= Comprehensive planning =

Long-term large-area public policy developmental plan

San Diego, a comprehensive plan for its improvement, 1908

A City Plan for Austin, Texas, 1928

Comprehensive planning is an ordered process that determines community goals and aspirations in terms of community development. The end product is called a comprehensive plan, also known as a general plan, or master plan. This resulting document expresses and regulates public policies on transportation, utilities, land use, recreation, and housing. Comprehensive plans typically encompass large geographical areas, a broad range of topics, and cover a long-term time horizon. The term comprehensive plan is most often used by urban planners in the United States.

Each city and county adopts and updates their plan to guide the growth and land development of their community, for both the current period and the long term. This "serious document" is then the foundation for establishing goals, purposes, zoning and activities allowed on each land parcel to provide compatibility and continuity to the entire region as well as each individual neighborhood. It has been one of the most important instruments in city and regional planning since the early twentieth century.

== History ==
During the earliest times of American history, cities had little power given to them by State governments to control land use. After the American Revolution, the focus on property rights turned to self-rule and personal freedom, as this was a time of very strong personal property rights. Local governments had simple powers which included maintaining law and order and providing basic services. Cities had little power, if any at all, to direct development in the city.

Cities began to focus on the provision of basic services during the 1840s at a time known as the Sanitary Reform Movement. During this time, it became clear that there was a strong relationship between disease and the presence of an effective sewer system. Part of the movement included the development of sanitary survey planning to help bring sewer systems to disease-prone areas. From this planning also developed a new consciousness of townsite location. People began to understand the environmental and social impacts of building cities and developed ways in which to further lower the spread of deadly diseases. Frederick Law Olmsted was a firm believer in the relationship between the physical environment and sanitation, which helped lead to the development of grand parks and open spaces in communities to bring not only recreation, but sanitation as well. The Sanitary Reform Movement is seen by many as the first attempt at comprehensive planning, however it failed to be completely comprehensive because it focused on only one aspect of the city and did not consider the city as a whole.

During the nineteenth and twentieth centuries, cities began to urbanize at very high rates. Cities became very dense and full of disease. As a response to the overpopulation and chaotic conditions, planning became a major focus of many large American cities. The City Beautiful movement was one of the many responses to the decaying city. The movement began in Chicago in 1890 with the World's Columbian Exposition of 1893 and lasted until about the 1920s. The focus on the movement was the design and architectural characteristics of the city. Leaders of the movement wanted to push the vision of the ideal city, and demonstrate to the world what cities could look like if they were created to be works of art. The White City was created for the exposition which embodied the visions of the movement with neoclassical designed buildings set against landscaped streets.
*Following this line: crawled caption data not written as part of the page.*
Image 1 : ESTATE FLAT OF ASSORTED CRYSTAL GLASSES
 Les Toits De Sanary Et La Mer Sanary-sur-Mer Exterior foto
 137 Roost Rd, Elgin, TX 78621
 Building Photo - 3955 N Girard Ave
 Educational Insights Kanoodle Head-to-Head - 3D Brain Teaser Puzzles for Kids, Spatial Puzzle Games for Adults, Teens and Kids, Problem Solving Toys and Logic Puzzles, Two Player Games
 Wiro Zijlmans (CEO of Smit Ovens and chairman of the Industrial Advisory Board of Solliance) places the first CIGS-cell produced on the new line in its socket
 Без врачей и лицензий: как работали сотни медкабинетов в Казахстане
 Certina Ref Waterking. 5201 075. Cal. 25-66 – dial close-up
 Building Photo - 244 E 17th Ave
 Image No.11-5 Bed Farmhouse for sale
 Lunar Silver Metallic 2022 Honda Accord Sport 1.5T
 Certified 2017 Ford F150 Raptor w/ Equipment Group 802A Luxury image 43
Visitors to the exhibition began to realize that cities could be much more than dirty, overcrowded places. The movement spread across the United States and influenced many major American cities.

In 1898, Ebenezer Howard published his book entitled "Tomorrow, a Peaceful Path to Reform," in which he developed the idea of a Garden City. This city was a planned development which included different land uses and community services. The communities were to be surrounded by a green belt and included many open spaces and parks within the city. These cities were designed to be completely self-sufficient and focused on decreasing the negative impacts traditional cities had on people's lives. Although these cities were considered to be utopian ideas, two cities were eventually built in this vision, Letchworth and Welwyn, England. The vision of Ebenezer Howard greatly impacted the idea of city planning in the United States for decades and helped in the development of the idea that cities must be planning comprehensively for growth.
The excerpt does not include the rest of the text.